As we head toward the Labor Day Weekend, it is a good time to point out a couple of noteworthy state level legislative developments in the Information Security and Privacy space.
On August 22nd the California State Assembly passed SB 914 which amends the California Penal Code to make clear that police must acquire a search warrant in order to search an individual’s cell phone or other portable electronic device incident to the arrest of that individual.
This legislation, which has been closely watched in California, is the reaction to a decision by the California Supreme Court in January, which found that police officers could lawfully search an arrested person’s cell phone without first obtaining a search warrant in accordance with an exception to the warrant requirement known as search incident to arrest.
In that case, People v. Diaz, 51 Cal.4th 84 (2011), the court majority analogized the contents of a person’s cell phone to the contents of a purse or briefcase in the possession of an arrestee. Such items, under the search incident doctrine, may be searched by police either at the scene of the arrest or later at the police station. The Diaz court further relied on the need to prevent destruction of evidence as a reason to allow a warrantless search. The new legislation rejects this rationale finding that “concerns about destruction of evidence on a cellular telephone can ordinarily be addressed through simple evidence preservation methods and prompt application … for a search warrant…”.
Consistent with what appears to be a growing consensus about the significance of cell phone information, the new legislation notes that: “The intrusion on the information privacy and freedom of communication of any person arrested is of such enormity that it must require arresting officers to obtain a warrant to search the information contained in or accessed through an arrested person’s portable electronic device.”

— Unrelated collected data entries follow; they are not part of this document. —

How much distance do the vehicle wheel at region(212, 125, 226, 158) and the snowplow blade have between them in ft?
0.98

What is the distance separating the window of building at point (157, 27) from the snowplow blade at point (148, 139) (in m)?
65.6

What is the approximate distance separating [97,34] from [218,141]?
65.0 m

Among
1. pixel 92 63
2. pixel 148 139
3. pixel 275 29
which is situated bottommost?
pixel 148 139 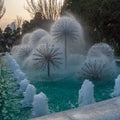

The bill, which previously passed the California Senate, will shortly be sent to the Governor for signature.
Illinois has amended its breach notification statute to (1) require that breach notifications include certain minimum information; and (2) require that persons or entities (referred to as data collectors in Illinois), who possess, but do not own, the sensitive personal information of others, must “cooperate” with the owners of the information when there has been a data breach.
Information now required to be included in Illinois breach notifications includes: the toll free telephone numbers and addresses for state consumer reporting agencies, and the toll free telephone numbers, addresses and web addresses for the FTC. Breach notifications must now also contain a specific statement advising the recepient that affected individuals my obtain information about fraud alerts and security freezes from these organizations.
In a somewhat puzzling twist, the statute also specifically forbids providing notification about the number of Illinois residents affected by the breach.
The duty placed on non-owners to cooperate with information owners requires a non-owner to (1) inform the data owner of a breach by at least advising him of the date or approximate dates of the breach; and (2) advising the owner of any steps that have been or are planned to be taken regarding the breach.
Lastly, Illinois has added a new statutory provision, applicable to all persons and entities, specifying minimum standards for the destruction or disposal of sensitive personal information, and penalizing the failure to do so. “A person must dispose of the materials containing personal information in a manner that renders the personal information unreadable, unusable, and undecipherable.” Violators are subject to fines of up to $100 for each person whose personal information has not been properly disposed (up to a total maximum of $50,000).
Well, that’s it for now. Please have a safe and happy Labor Day and we will see you in September with more news and analysis.